KARADENİZ GEZİSİ 8. GÜN : TRABZON ( MERKEZ )

GEZİ TARİHİ : 29 HAZİRAN CUMARTESİ

       Gelelim benim Karadeniz'de en çok merak ettiğim yere yani Trabzon'a... Trabzon İpek Yolu'nda bulunan şehirlerden biri olunca bir çok uygarlık gelmiş geçmiş buralardan. Kimine göre Tuğra Basan, kimine göre Dört Köşe, kimine göre de Masa anlamında “Trapezos” kelimesinden gelmekteymiş adı.

Ben Trabzon gezimizi 3 bölüme ayırdım. ilk gün Trabzon merkez , 2. gün Sümela Manastırı- Hamsiköy- Zigana Geçidi , 3. gün Uzungöl... Burada bir hata yapmışım. İlerleyen bölümde de okuyacaksınız zaten. Son gün yarım gün Uzungöl'ü gezip devamında Rize merkeze geçip orayı bitirmeliymişiz... Uzungöl'deki talihsizlikler için ilerleyen bölümlere bakınız.



Sabah Giresun'dan çıkıyoruz yola. 1,5 saat sürüyor Trabzon'a varış. Ama önceliğimiz Akçaabat'ta bulunan Sera Gölü...

SERA GÖLÜ: Sera Gölü aşırı yağış sonucu 1950’de yamaçlardan kopan büyük kayaçların vadi tabanını tıkaması sonucu oluşmuş. Göl on sekiz günde tam halini almış, yöre halkı bizzat bir gölün oluşumuna tanıklık etmiş. Şimdilerde taşınan topraklar Sera Gölü'nü tehlike altına almış. Gölün hızla toprak dolması yetkilileri harekete geçirmiş; yukarı kesimlerde iki su bendi yapılmış. Ancak bu çalışmalar sırasında yüzlerce ağacın bulunduğu bir alanın yok edilip, oraya mesire yerlerinin yapılmaya başlaması tepkileri de beraberinde getirmiş. 

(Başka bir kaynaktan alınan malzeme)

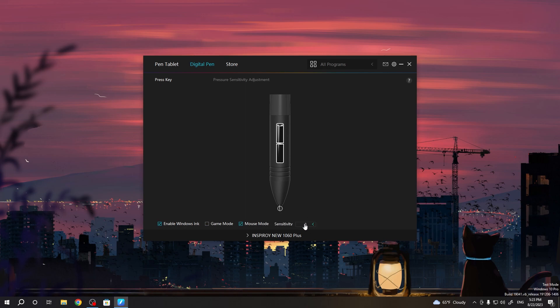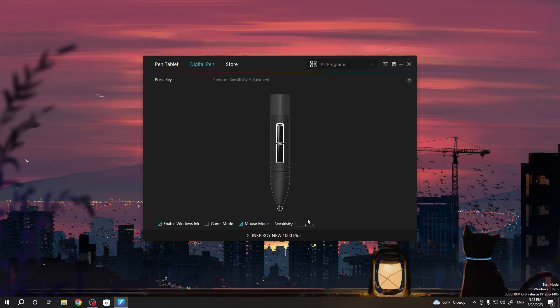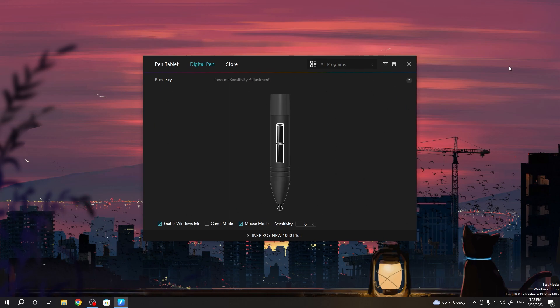You can change the sensitivity. For example now I have 3 sensitivity, but for example I want to choose it to 6. Yes, now it's more sensitive. 6 sensitivity is better than 3.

Ben gölü çok sevdim çooookkkk :) Zaten bu gezi boyunca gittiğim her yeri sevdim :) Gölde deniz bisikletleri var. Kiralayıp göle girebiliyorsunuz. Muhakkak tavsiye ediyorum. Ben Sera Gölü'nü Uzungöl'den daha çok beğendim! Kimbilir belki havanın mükemmel oluşu, belki Sera Gölü'nün daha az kalabalık olması...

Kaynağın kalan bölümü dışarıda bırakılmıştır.